[[ SUPPLIED MATERIAL, beginning ]]

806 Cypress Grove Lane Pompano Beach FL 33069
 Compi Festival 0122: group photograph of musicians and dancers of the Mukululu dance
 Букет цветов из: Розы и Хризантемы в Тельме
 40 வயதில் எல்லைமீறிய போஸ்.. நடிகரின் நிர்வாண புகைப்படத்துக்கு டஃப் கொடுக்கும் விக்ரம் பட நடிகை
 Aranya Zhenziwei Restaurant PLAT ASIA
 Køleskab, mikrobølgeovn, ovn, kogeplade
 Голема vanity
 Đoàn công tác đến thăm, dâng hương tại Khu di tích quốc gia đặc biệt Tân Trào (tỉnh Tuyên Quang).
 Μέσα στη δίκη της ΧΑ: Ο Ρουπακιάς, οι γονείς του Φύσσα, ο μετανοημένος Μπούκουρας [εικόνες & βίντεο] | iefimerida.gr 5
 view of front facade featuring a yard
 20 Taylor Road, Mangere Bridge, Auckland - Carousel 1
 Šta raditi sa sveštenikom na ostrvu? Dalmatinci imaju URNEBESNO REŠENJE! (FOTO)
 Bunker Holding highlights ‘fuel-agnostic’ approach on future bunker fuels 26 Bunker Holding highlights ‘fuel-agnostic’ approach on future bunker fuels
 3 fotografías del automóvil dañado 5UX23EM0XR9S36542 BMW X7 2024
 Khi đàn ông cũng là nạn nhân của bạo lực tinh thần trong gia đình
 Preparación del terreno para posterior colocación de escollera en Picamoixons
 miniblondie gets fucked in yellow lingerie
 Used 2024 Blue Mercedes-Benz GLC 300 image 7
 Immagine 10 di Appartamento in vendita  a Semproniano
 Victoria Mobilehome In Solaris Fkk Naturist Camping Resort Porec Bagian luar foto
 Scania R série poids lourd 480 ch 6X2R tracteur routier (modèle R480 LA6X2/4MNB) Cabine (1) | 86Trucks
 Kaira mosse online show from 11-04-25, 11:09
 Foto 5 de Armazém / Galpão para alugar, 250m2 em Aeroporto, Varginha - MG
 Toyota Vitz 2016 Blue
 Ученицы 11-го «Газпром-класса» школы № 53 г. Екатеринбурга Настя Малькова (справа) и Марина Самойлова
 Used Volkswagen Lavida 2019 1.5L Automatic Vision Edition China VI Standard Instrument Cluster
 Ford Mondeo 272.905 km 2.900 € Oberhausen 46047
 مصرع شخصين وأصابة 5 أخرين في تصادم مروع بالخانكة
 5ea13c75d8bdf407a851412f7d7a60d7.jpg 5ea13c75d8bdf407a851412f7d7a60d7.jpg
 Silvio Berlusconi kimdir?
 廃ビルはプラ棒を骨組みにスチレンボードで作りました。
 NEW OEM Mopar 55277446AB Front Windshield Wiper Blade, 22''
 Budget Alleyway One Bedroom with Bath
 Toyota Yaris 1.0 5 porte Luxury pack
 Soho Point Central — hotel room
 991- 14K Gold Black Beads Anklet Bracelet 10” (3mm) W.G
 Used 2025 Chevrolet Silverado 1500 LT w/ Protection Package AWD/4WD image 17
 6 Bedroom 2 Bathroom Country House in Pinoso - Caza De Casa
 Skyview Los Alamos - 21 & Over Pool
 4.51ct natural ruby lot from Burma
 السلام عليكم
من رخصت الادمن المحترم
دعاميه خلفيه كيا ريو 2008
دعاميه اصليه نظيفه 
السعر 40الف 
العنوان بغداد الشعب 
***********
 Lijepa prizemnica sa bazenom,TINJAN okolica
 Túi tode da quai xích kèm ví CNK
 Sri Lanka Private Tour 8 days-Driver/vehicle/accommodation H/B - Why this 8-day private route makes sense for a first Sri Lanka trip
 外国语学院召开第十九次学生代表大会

[[ SUPPLIED MATERIAL, end ]]

TO DO
Find the word "from" in the entries and show each line where it is found.

REPLY
 Kaira mosse online show from 11-04-25, 11:09
 4.51ct natural ruby lot from Burma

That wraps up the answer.